Another aspect not covered in the Factor segment is the news that some major media outlets want their content hosted on Facebook. Per the New York Times in March:
With 1.4 billion users, the social media site has become a vital source of traffic for publishers looking to reach an increasingly fragmented audience glued to smartphones. In recent months, Facebook has been quietly holding talks with at least half a dozen media companies about hosting their content inside Facebook rather than making users tap a link to go to an external site…In addition to hosting content directly on Facebook, the company is talking with publishers about other technical ways to hasten delivery of their articles.
The O’Reilly-Goldberg analysis can be summed up thusly:
GOLDBERG: Look, young people aren’t going to be sitting around the kitchen table with a hard copy of the “New York Times.”

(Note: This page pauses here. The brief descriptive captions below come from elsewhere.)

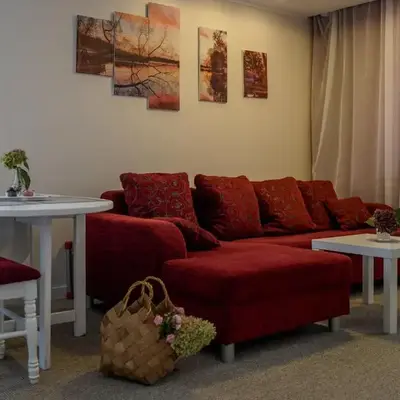 Apartamentai Birštono centre su židiniu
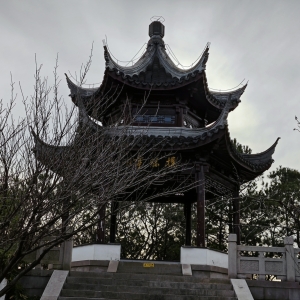 �S�ģ�ͤ�_���w����������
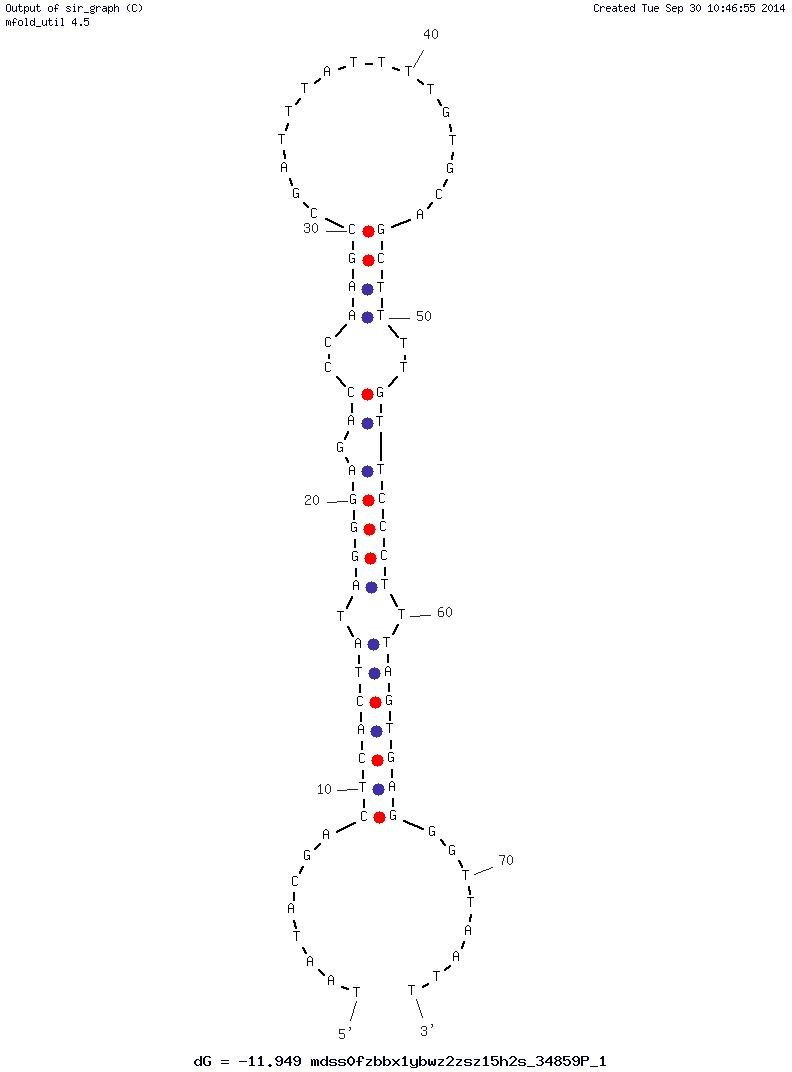G5a3N.4 structure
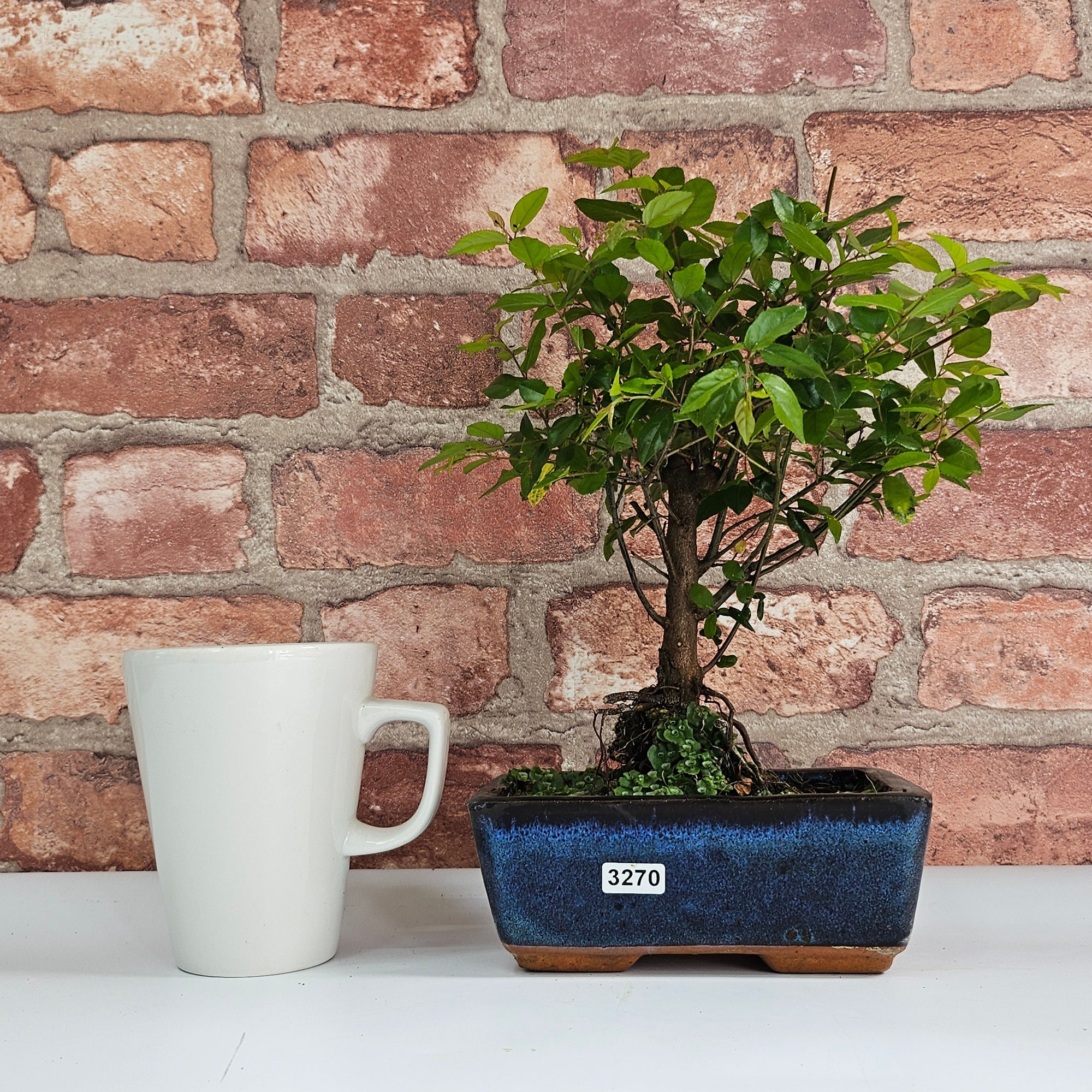 Bird Plum (Sageretia) Bonsai Tree | Broom | In 15cm Pot  | S251964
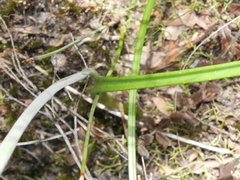 Thelymitra pulchella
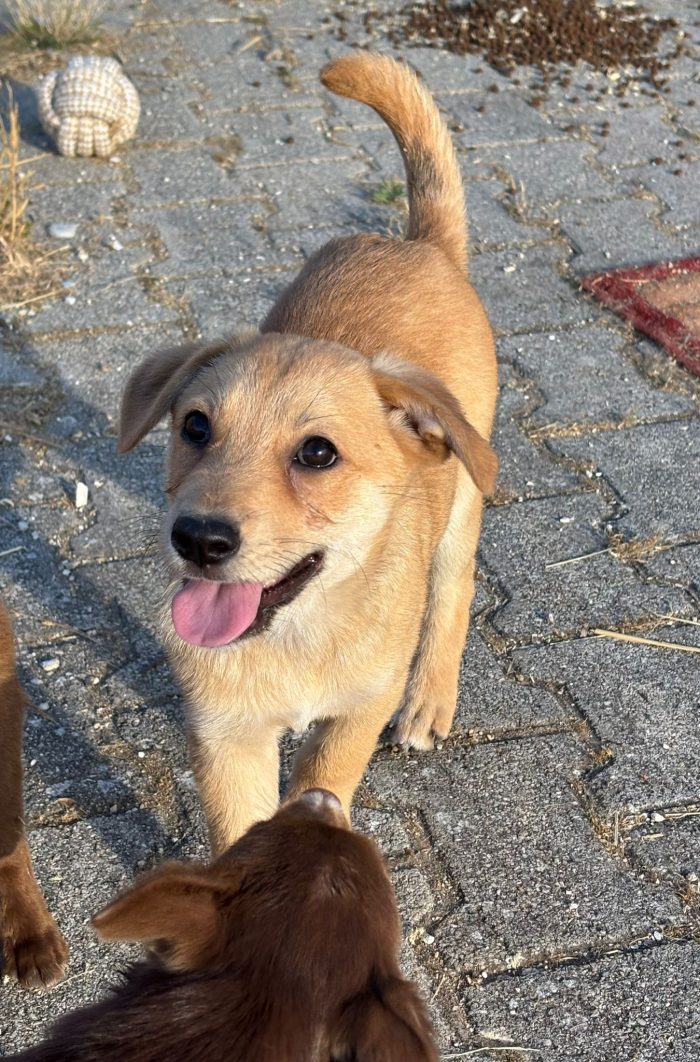 Cucciola invisibile a tutti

O’REILLY: Why not? Why not? Why not, Bernie? Why can’t they read a newspaper?
GOLDBERG: Well, they can.
O’REILLY: Yes, why wouldn’t they?
GOLDBERG: There is no law against it. Because that train has left the station.
O’REILLY: Why did the train leave? Why can’t the train come back? I don’t understand why a younger person because when I was 18 I was reading the newspaper.
GOLDBERG: There was no internet. There was no internet. It’s a different delivery system. (Adding later): The train that has left the station. It is not coming back.
O’Reilly is right when he says Americans are distracted from the real world by being buried in their phones all day. Go to any restaurant: Half the patrons are enjoying themselves, half are looking down at a screen. But some of those who aren’t playing Candy Crush or sending dozens of inane texts are absorbing news content anywhere, anytime. Some of it is trash, sure… but some of it is quality stuff from respected sources.
Either way, the days of going to the end of the driveway to grab the paper are over. That train departed years ago.
And when 150 million Americans — nearly half the population — are members of a particular social networking hub, that’s one hell of a delivery and sharing platform.
O’Reilly should give it a try sometime before dismissing its merits.